My hunch is that the name "Wii" was created by a Japanese person or marketing firm who wasn't aware of the other meanings that the word might have (or at least they didn't think that they would overshadow the "we" meaning so much). Japan is full of products with absurd names, but for the most part they are only sold within Japan. When you're coming up with a name that will be used world-wide, you need to consider how it will be received by other people.
You may be thinking, "Sure, maybe a Japanese person came up with the name, but didn't any native English speakers in the company question the decision?" As a Japanese translator, I've been in the position of having to convince a client that a particular name or slogan would not convey the message that they want to convey. What might sound in Japanese like a cool name for a video game or anime character can come off sounding ludicrous in English.

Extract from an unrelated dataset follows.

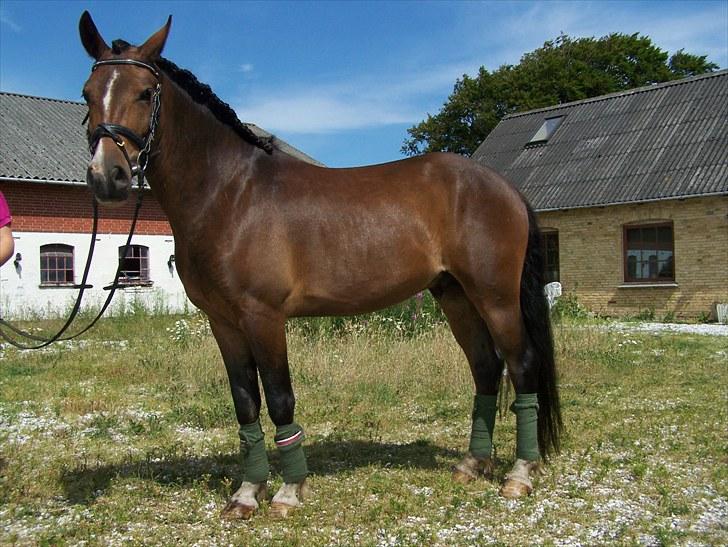 New Forest Lundgaards Bourbon - Taget af Dorte Jensen/Grønvang billede 14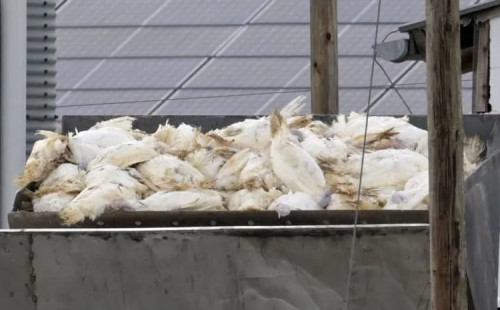 জার্মানিতে বার্ড ফ্লুর প্রকোপ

Some clients are responsive to this, but a surprising number will argue with you or ignore your advice all together. I can't help but wonder if the higher-ups at Nintendo didn't fall in love with the name "Wii" early on, which caused them to ignore any advice that they may have been given about possible problems with the name. The quote from Nintendo above is practically bending over backwards to get us to associate the name with the word "we." Should so much explanation really be necessary? It smacks of someone trying to make the most of a decision that was out of his or her hands.
I just hope that it doesn't hurt Nintendo's chances. I'm a fan of many of the company's game franchises, and it's been sad to see them fall behind the other systems in sales in the past few years. When you already have a reputation as a kids' console, the last thing you need is to pick a cutesy name that people are going to make fun of.